Today’s Saturday Stumper

Today’s Newsday  Saturday Stumper, by “Lester Ruff” (Stan Newman) is supposed to be on the easy side, but it took me half an hour’s worth of effort. I’d say “May B. Ruff” might be a better name for today’s Stumper. Or “S. Purdy Ruff”? The clue that opened up much of the puzzle for me: 69-A, eight letters, “He said ‘Appreciation is a holy thing.’” Thank you, sir, and not for the first time.

Some clue-and-answer pairs of note:

1-D, six letters, “Check writing.” Always. But sometimes more than one check is needed.

8-D, fifteen letters, “Social media ancestor.” Eh, I’m not sure about this. Social media is for everyone.

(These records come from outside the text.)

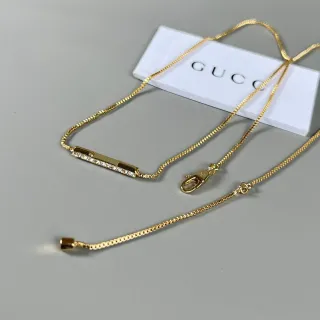 Gucci Gold Silver Box Chain Pavé Crystal Bar Pendant Necklace
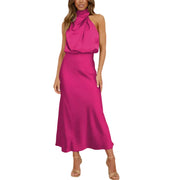 Damen Midikleid ohne Ärmel mit drapiertem Stehkragen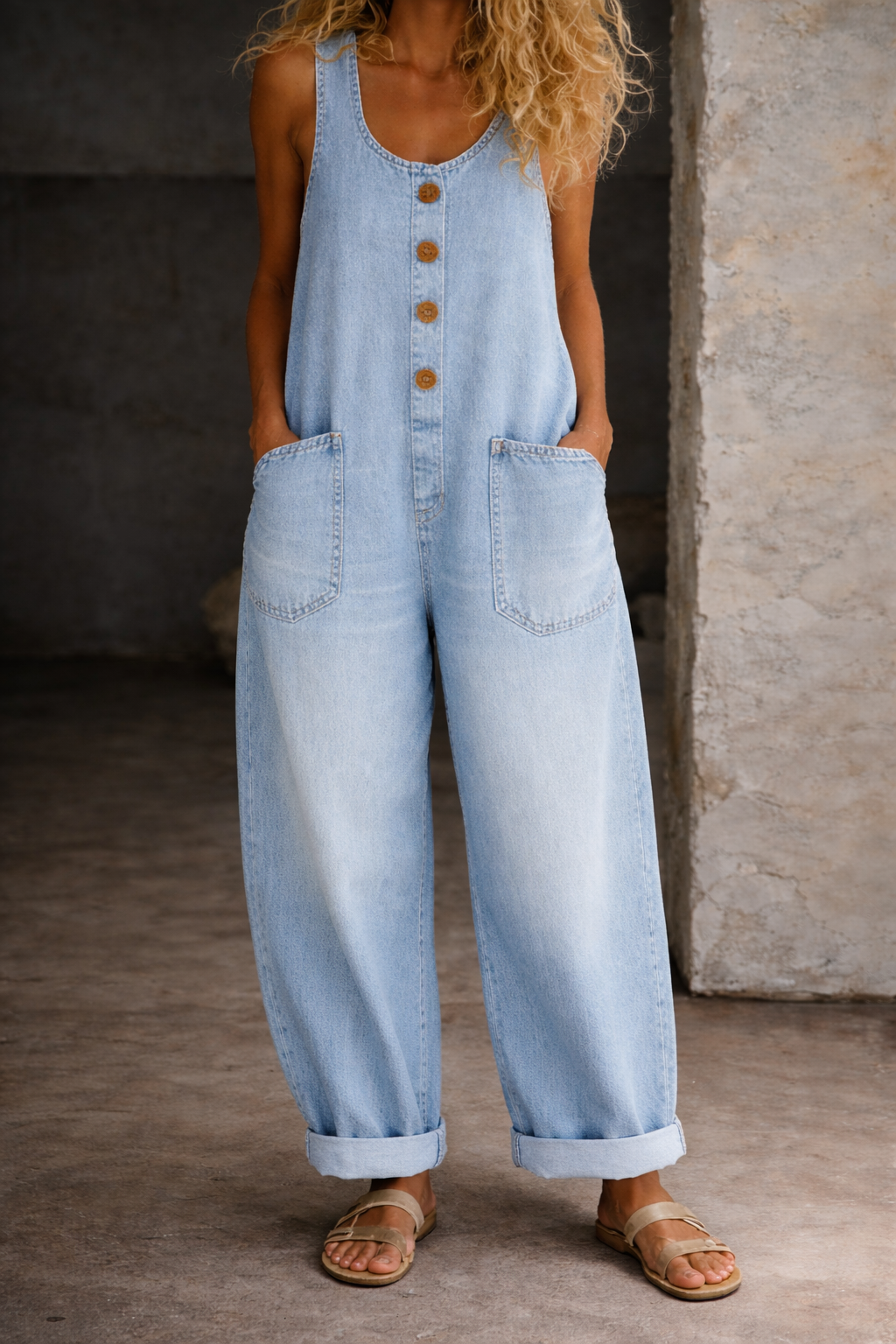 Combinaison en jean vintage délavé Danoir Paris Sadie, salopette en coton léger bleu clair, style décontracté et tendance.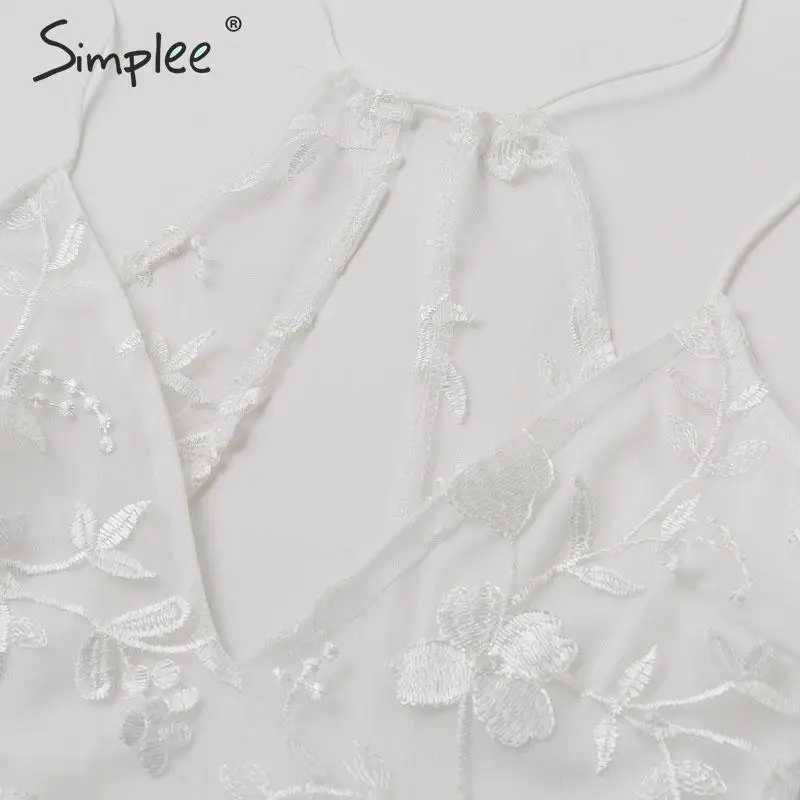 Simplee Sexy v-образным вырезом вечернее платье кружева белое без рукавов Элегантные с высокой талией дамы осень длиной платье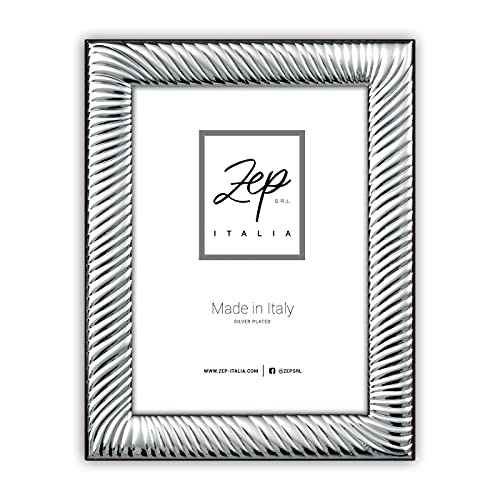 zep srl VOLTERRA Tischrahmen aus Silver Plated für Fotos 15 x 20, horizontal positionierbar, versilbert, hergestellt in Italien von Zep
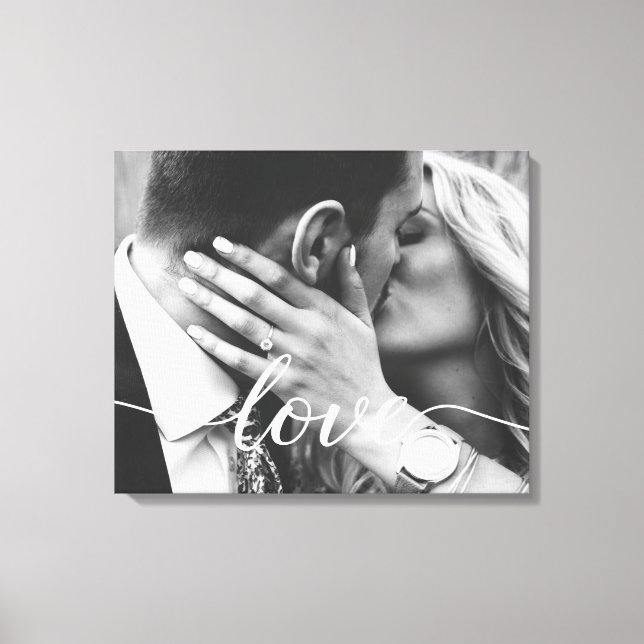 Elegantes Liebe Script Typografy Wedding Foto Leinwanddruck (Vorderseite)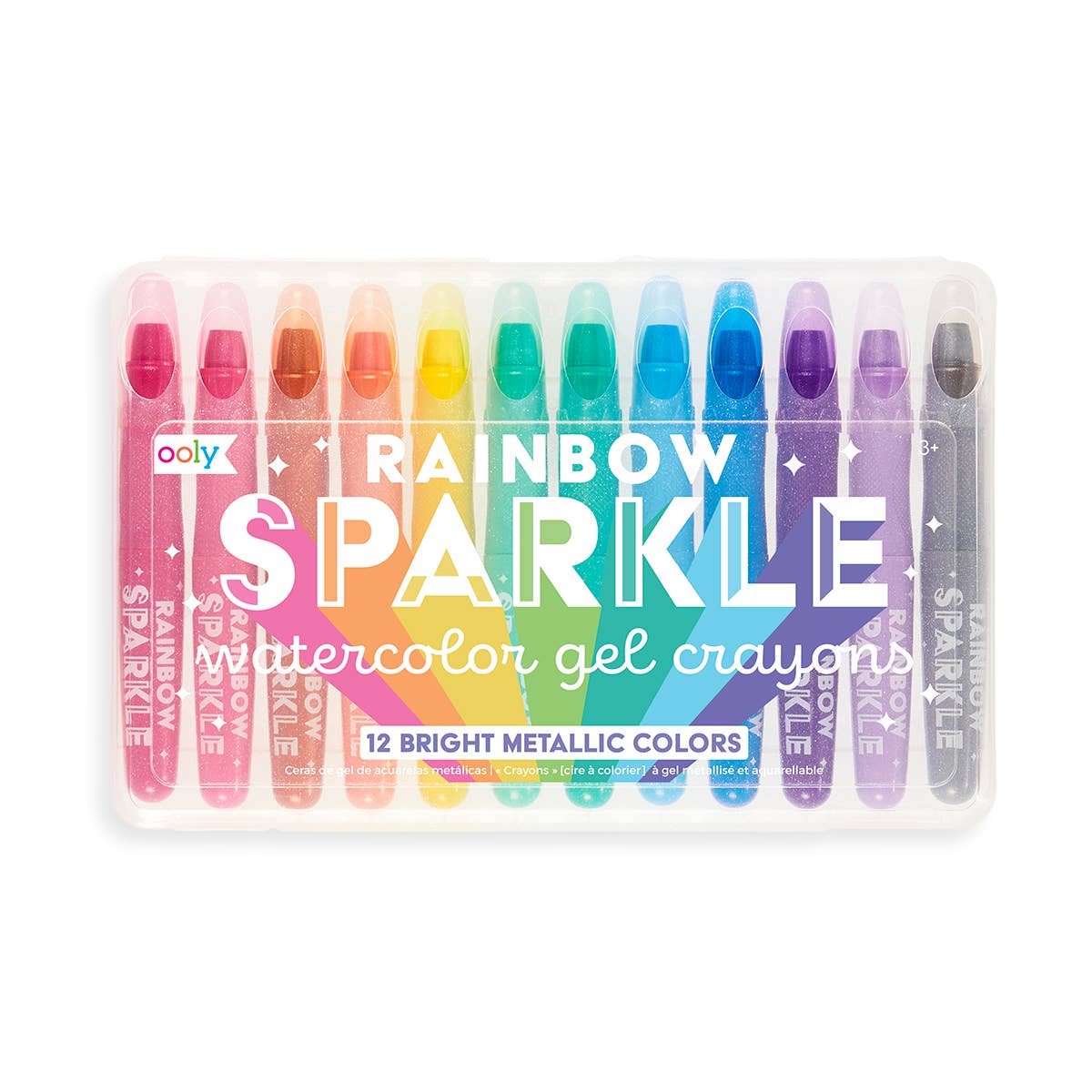 Rainbow Sparkle Metallic Gel Crayons - Set of 12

11-D, six letters, “iPod ancestor.” A little strained.

12-D, eight letters, “Putting holes in, perhaps.” Getting this right made finishing the puzzle possible for me.

17-A, eight letters, “Imagined opponent of a drawn dog.” I smiled.

22-A, five letters, “Après-ski amenity.” I went for the obvious, and the obvious appeared right for a while.

27-A, five letters, “Training area.” Stumper-y.

29-D, four letters, “Level.” EVEN? FAIR? RAZE? TELL? So much indirection. I like it.

37-A, fifteen letters, “Not quite ‘Correct.’” And pretty bland. Somehow I immediately imagined someone in Hi and Lois saying it.

39-D, eight letters, “Lamb or kid.” I did not know the word.

43-A, five letters, “Be orally awesome, these days.” I dunno about this definition.

60-D, four letters, “Novelist Sinatra brawled with.” Yes, to brawl does not require that one resort to fisticuffs.

64-A, eight letters, “Verb related to ‘island.’” MAROONED?

My favorite in this puzzle: 51-D, six letters, “Homeric wise guy.”

No spoilers; the answers are in the comments.

Saturday, July 29, 2023

Hi and Lois watch

[Hi and Lois, July 29, 2023. Click for a larger view.]

Golf. Golf. Golf. Rake. Rake. Rake. The punchline in today’s strip: “You can’t play golf with a rake!” I somehow begin to suspect that I am not the Hi and Lois target audience.

But that doesn’t explain why there isn’t a single leaf on the ground. Might today’s strip have kept until, say, October?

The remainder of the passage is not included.